*ACTIVITY*:
Retype only the lines below from the one with "Set of 14 colorful" to the one with "Exterior view of", inclusive, skipping every image.

### LISTED RECORDS

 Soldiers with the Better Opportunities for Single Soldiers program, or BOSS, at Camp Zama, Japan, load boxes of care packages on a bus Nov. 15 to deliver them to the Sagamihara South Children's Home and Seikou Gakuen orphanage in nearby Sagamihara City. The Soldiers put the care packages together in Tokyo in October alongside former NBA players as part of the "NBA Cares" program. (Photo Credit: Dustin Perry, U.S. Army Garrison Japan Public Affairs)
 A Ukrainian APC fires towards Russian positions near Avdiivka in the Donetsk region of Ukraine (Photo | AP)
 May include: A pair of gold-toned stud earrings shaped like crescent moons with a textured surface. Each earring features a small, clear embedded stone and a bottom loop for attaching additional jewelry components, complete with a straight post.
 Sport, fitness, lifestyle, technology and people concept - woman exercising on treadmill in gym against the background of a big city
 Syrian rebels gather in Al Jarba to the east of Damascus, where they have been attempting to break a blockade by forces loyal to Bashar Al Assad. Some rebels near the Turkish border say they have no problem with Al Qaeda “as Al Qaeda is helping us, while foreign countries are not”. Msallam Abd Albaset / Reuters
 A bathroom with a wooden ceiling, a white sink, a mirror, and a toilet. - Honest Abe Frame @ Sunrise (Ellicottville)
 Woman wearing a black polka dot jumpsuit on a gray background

######
### LISTED RECORDS

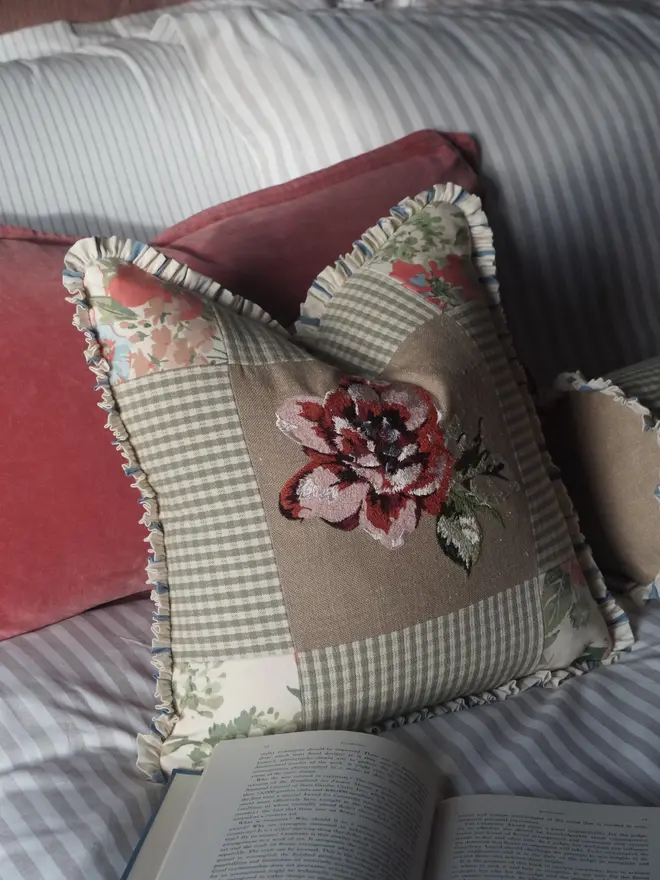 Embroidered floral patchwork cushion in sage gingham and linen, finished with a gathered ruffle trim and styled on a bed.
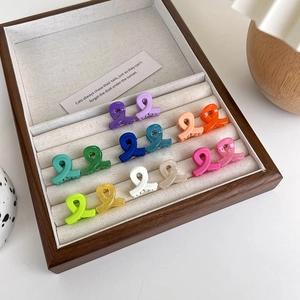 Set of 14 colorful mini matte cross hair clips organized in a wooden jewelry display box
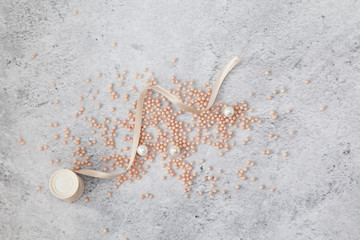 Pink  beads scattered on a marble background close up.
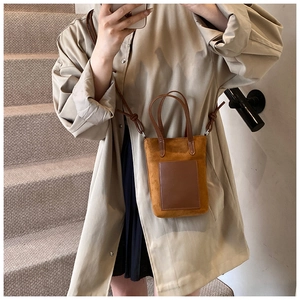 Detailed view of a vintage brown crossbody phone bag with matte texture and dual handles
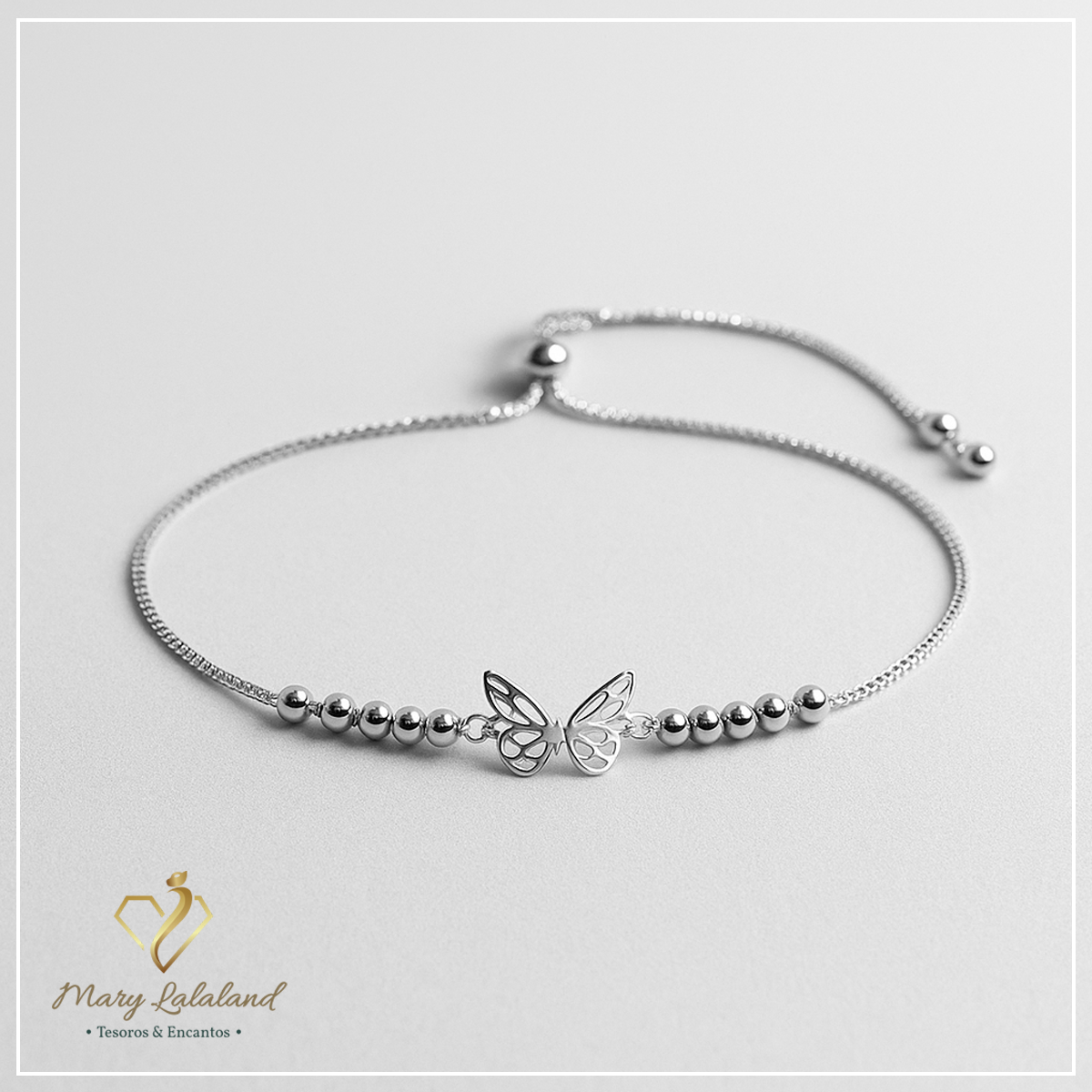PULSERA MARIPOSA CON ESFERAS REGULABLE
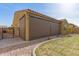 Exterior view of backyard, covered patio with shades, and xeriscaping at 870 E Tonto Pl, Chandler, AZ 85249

######
### LISTED RECORDS

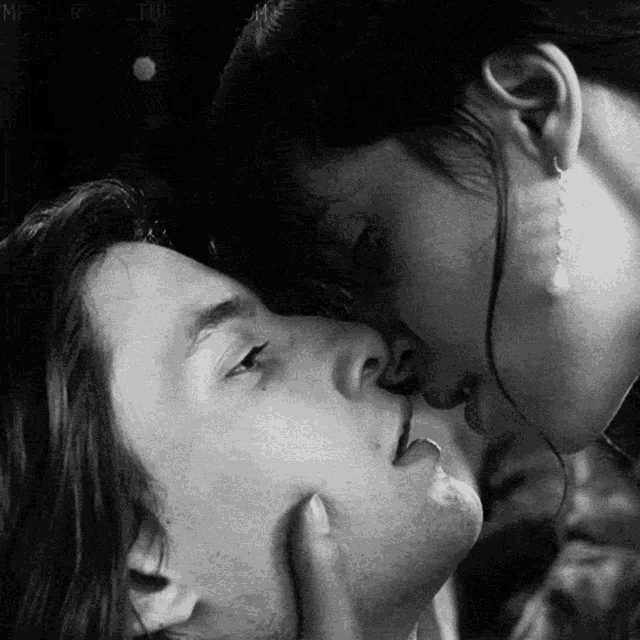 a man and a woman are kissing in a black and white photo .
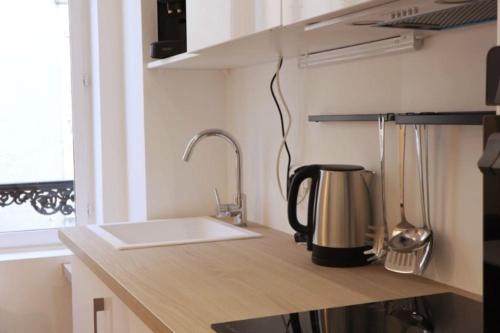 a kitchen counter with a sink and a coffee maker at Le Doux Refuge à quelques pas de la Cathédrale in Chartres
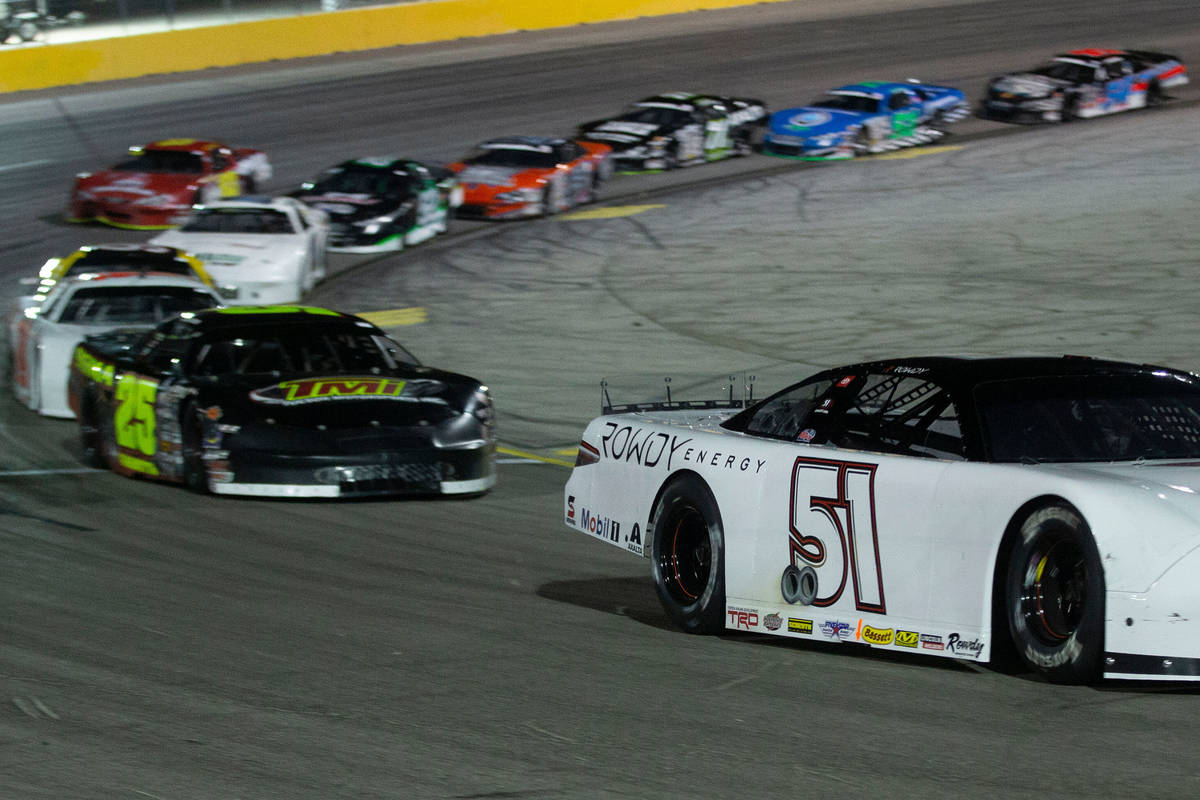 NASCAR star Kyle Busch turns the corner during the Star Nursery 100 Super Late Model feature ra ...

######

*EXPECTED ANSWER*:
 Set of 14 colorful mini matte cross hair clips organized in a wooden jewelry display box
 Pink  beads scattered on a marble background close up.
 Detailed view of a vintage brown crossbody phone bag with matte texture and dual handles
PULSERA MARIPOSA CON ESFERAS REGULABLE
 Exterior view of backyard, covered patio with shades, and xeriscaping at 870 E Tonto Pl, Chandler, AZ 85249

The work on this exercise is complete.